Results demonstrated that in prekindergarten and kindergarten, children who scored higher on the HTKS also performed better on each of the individual measures of EF (cognitive flexibility, working memory, and inhibitory control) although the strength of these relations varied over time. In addition, REA indicated the HTKS and the EF measures significantly predicted variation in early achievement, with the strongest relations found for gains in early mathematics. In prekindergarten, measures of EF (especially the DCCS) were the strongest predictors of achievement in these models. In kindergarten, the HTKS was the most consistent predictor of achievement, although all measures of EF significantly predicted achievement depending on the time point. Results of the FEA found mostly consistent, albeit less strong, predictive relations compared to the random effects models.

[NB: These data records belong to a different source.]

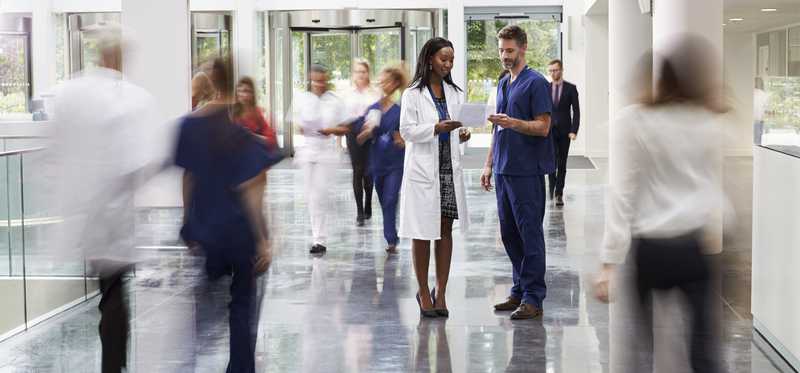 People walking in lobby of a hospital or large lab building.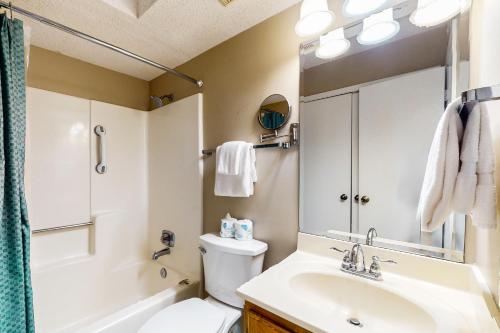 Un baño con lavabo, inodoro y espejo. en Driftwood Towers 2G, en Gulf Shores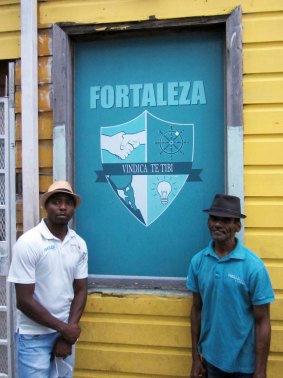 Jafet and Santiago in front of Fortaleza's logo.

Construct Validity of the HTKS

The current study sought to answer questions related to construct validity of a measure of behavioral self-regulation, called the HTKS. Previous research has differed on descriptions of what the HTKS measures, with some studies referring to the task as a measure of inhibitory control or response inhibition (Fuhs and Day, 2011; Lan et al., 2011), and some studies asserting evidence that it measures attention and working memory (McClelland et al., 2007a; Cameron Ponitz et al., 2009; Lan et al., 2011). Adding to this complexity, we have conceptualized it theoretically as a measure of behavioral self-regulation, to recognize the social context in which the HTKS is administered and demonstrates validity. This is consistent with a recent distinction of EF as a top-down cognitive process, that enables the self-regulation of a more automatic, bottom-up set of processes, such as one would demonstrate in a spontaneous social setting like a classroom (Ursache et al., 2012). Nonetheless, little research has examined the HTKS alongside traditional EF component measures. Furthermore, scholars of behavioral self-regulation and EF have been criticized for producing a plethora of “conceptual clutter” and “measurement mayhem” in the conceptualization and measurement of these skills (Morrison and Grammer, in press). If the construct of behavioral self-regulation is important for children's short- and long-term academic achievement, equally important is understanding how tasks like the HTKS are related to measures of EF, including assessments of cognitive flexibility, working memory, and inhibitory control.

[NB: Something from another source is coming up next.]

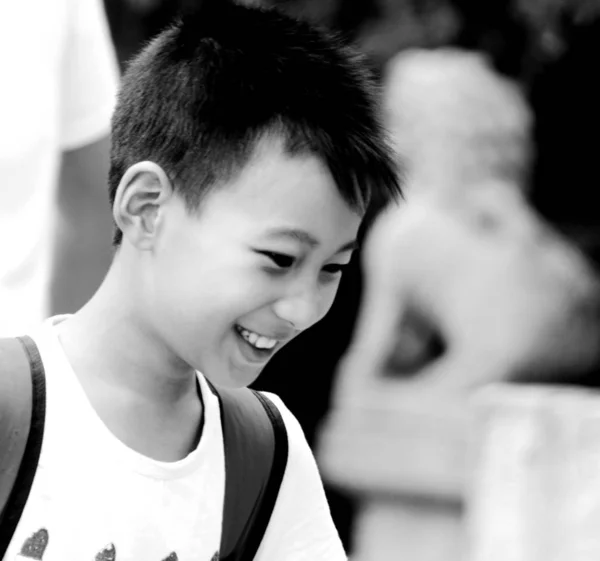 Black and white photography of asian boy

We also found that children who performed better on the HTKS had better cognitive flexibility, working memory, and inhibitory control in prekindergarten and kindergarten, though the strength of associations changed over time. At early time points, the HTKS was most related to cognitive flexibility (the DCCS) and inhibitory control (Simon Says, Day-Night Stroop). In contrast, at later time points, the HTKS was most strongly related to the measure of working memory, although it was still significantly correlated with the other measures of EF. Correlations and regressions suggest that the HTKS shares significant variance with all measures of EF in prekindergarten and kindergarten. However, and of particular note, the strength of these relations also varies over time as demonstrated in the correlations and the regression results. It is possible that these developmental differences in the patterns of performance may relate to underlying developmental trajectories. For example, more specific EF components such as cognitive flexibility or inhibitory control may be important for less complex tasks, while tasks capturing multiple EF components like the HTKS may be more important for more complex tasks later in development. It appears that the HTKS may tap different aspects of EF at different points in early childhood, although those conclusions are also limited by the EF measures themselves and the analyses, which do not allow us to explicitly compare parameter estimates. It is difficult to find a pure measure of working memory, inhibitory control, or cognitive flexibility, especially in young children. This has been termed “task impurity” in the literature and reflects the overlap of many EF components in early childhood (Landis and Koch, 1977; Hughes and Graham, 2002; Best et al., 2009).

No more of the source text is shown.